A pause. “Why didn’t you call Jordin?”
“I don’t want her to see me like this,” I said, my voice breaking. “I fucked up, Tyrell. I don’t want her to see me.”
He sighed but didn’t argue. “I’m on my way.”
When he got there, he started in immediately. “You should call her.”
I ignored him.
“Ciarán.”
Nothing.
Tyrell let out a hard laugh. “Man, you’re really about to do this, huh?”
I clenched my jaw.
“She’s been blowing up my phone since the ambulance left. The staff wouldn’t tell her anything. She’s worried as hell about you.”
I swallowed hard, staring at the floor. “She doesn’t need this shit.”
“She doesn’t need you shutting her out either.”
My head snapped up, a glare fixing on him. “Back the fuck off, Ty.”
He shook his head, lips pressed thin. “Fine. I’ll take you wherever you wanna go. Just say the word. I ain’t gonna fight you. You know what you’re doing. You know what you’re throwing away. You prayed for this chance with Jordin. You gonna fuck it up pulling away now?”
My fists tightened in my lap.
“Fuck you still sitting here for? You want to leave, get up. It smells like piss and bleach in here.”

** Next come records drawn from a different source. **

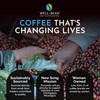 Well-Bean Coffee - Simmer Down Colombian Ground Decaf, Swiss Water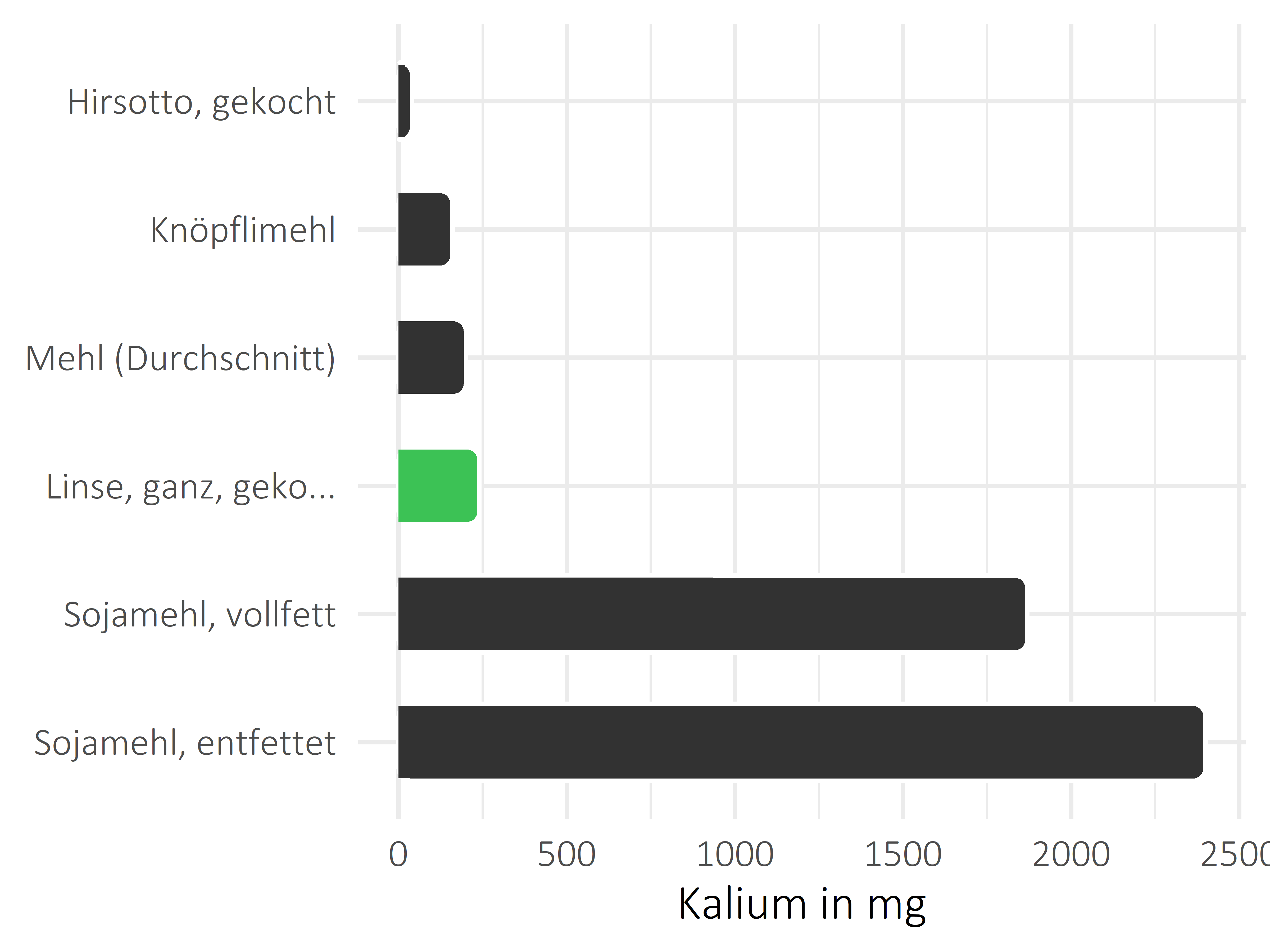 Getreideprodukte, Hülsenfrüchte und Kartoffeln Kalium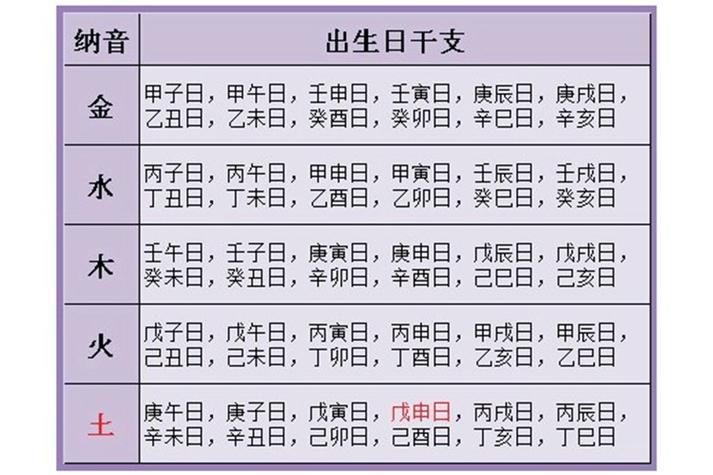 出生年月日怎么算姻緣?出生年月算婚姻
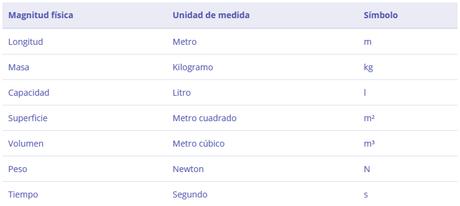 Unidades de medida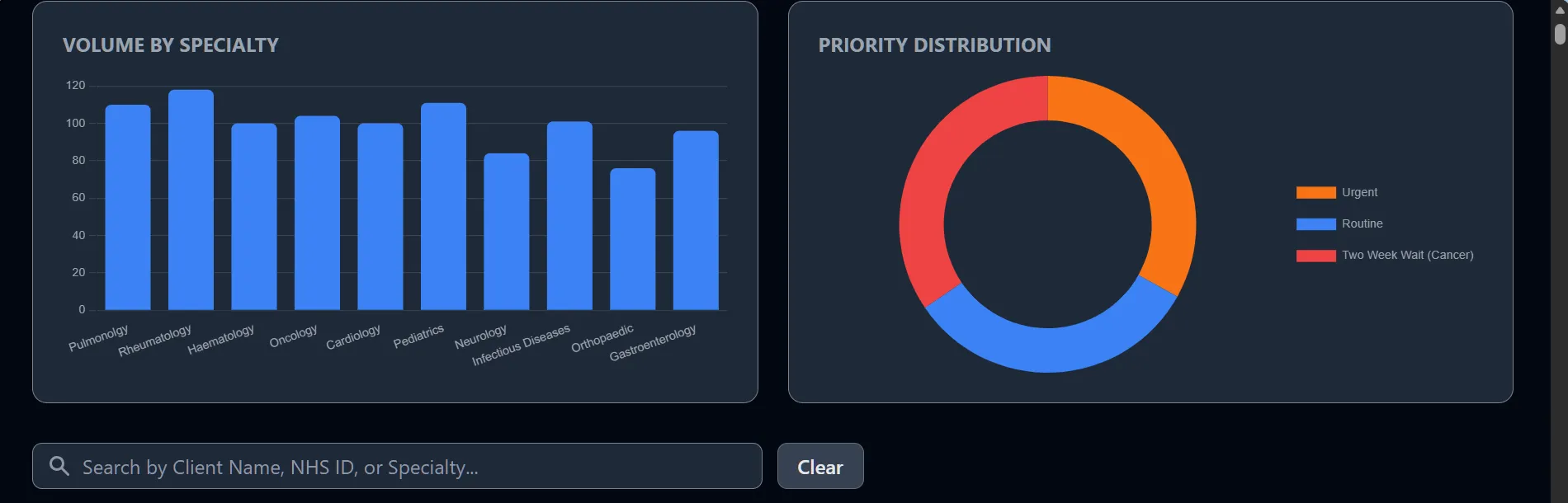 NHS Performance Dashboard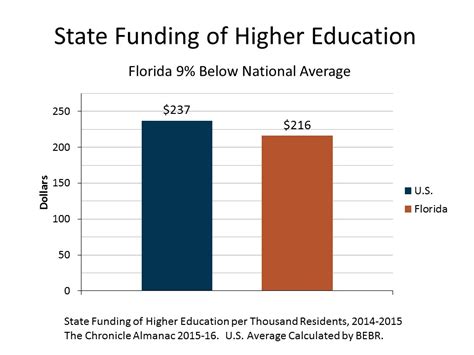 College Tuition: Florida's Public Universities Compared to the Rest of the Nation | www.bebr.ufl.edu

I couldn’t look at him. I could barely breathe past the weight on my chest. But I got up and followed him out.
The moment we stepped outside, my day went from bad to catastrophic. Microphones were shoved in my face.

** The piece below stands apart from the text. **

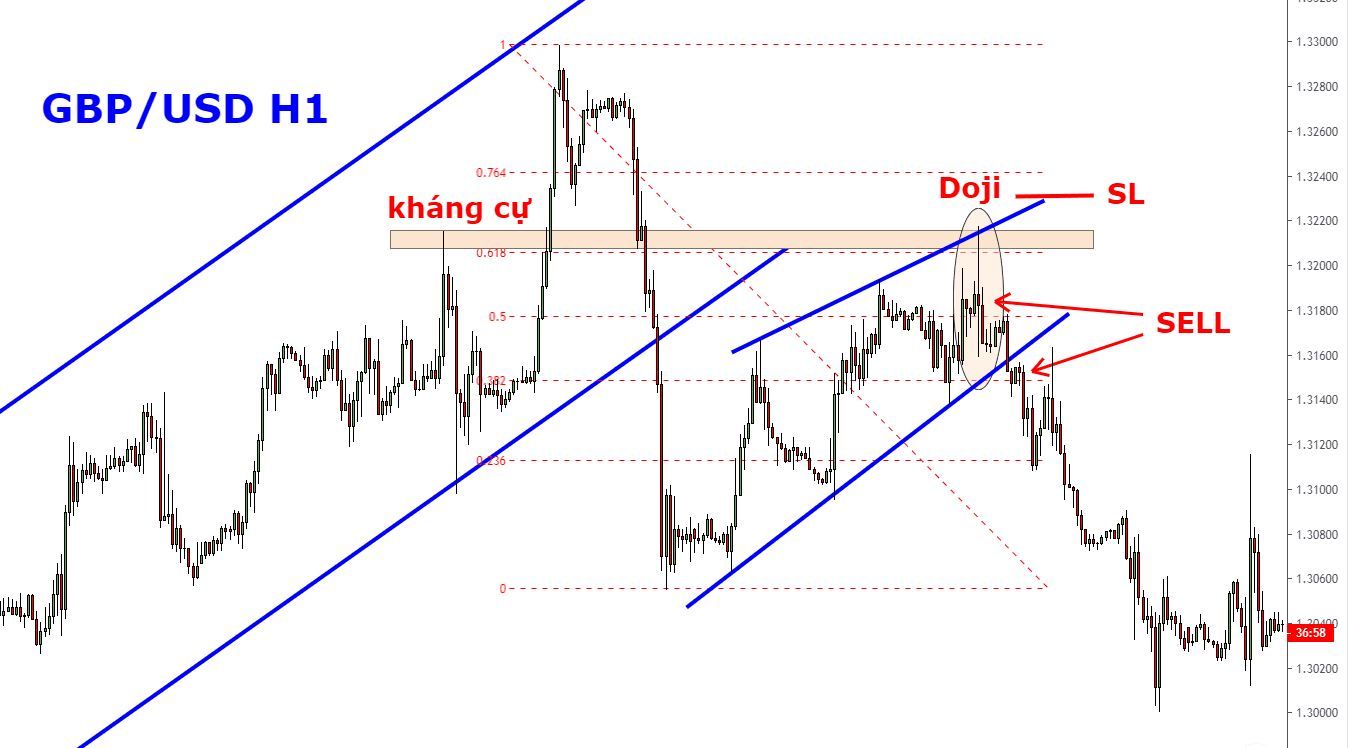 Cách phân tích khung thời gian trong Forex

My head pounded. The cameras. The voices. It made it hard to breathe.
“Ciarán! Can you comment on your father’s death?”
“Ciarán, are you suicidal?”
“Did you try to kill yourself?”
My hands clenched. My breath turned shallow. The static in my head roared so loud I thought my skull would split.
And then—
I swung.
I didn’t think. My fist connected with a camera, the crunch of metal and glass vibrating up my arm. It hit the pavement with a sickening crack. The guy holding it stumbled back, eyes wide.
Gasps. The press recoiled like I was a rabid animal.
Tyrell’s hand was on me before I could swing again, his grip vise-tight on my arm, his voice a harsh whisper in my ear. "Nigga, what the fuck? Get your ass in the car."
I barely heard him. My chest was a battlefield. My jaw ached. My fingers curled, ready for more.
Tyrell snatched me by the shirt, forcing our way through the crowd, past the flashing lights and judgmental stares. I was a headline waiting to happen.
He shoved me into the car and slammed the door. My body jerked as he peeled out of the parking lot.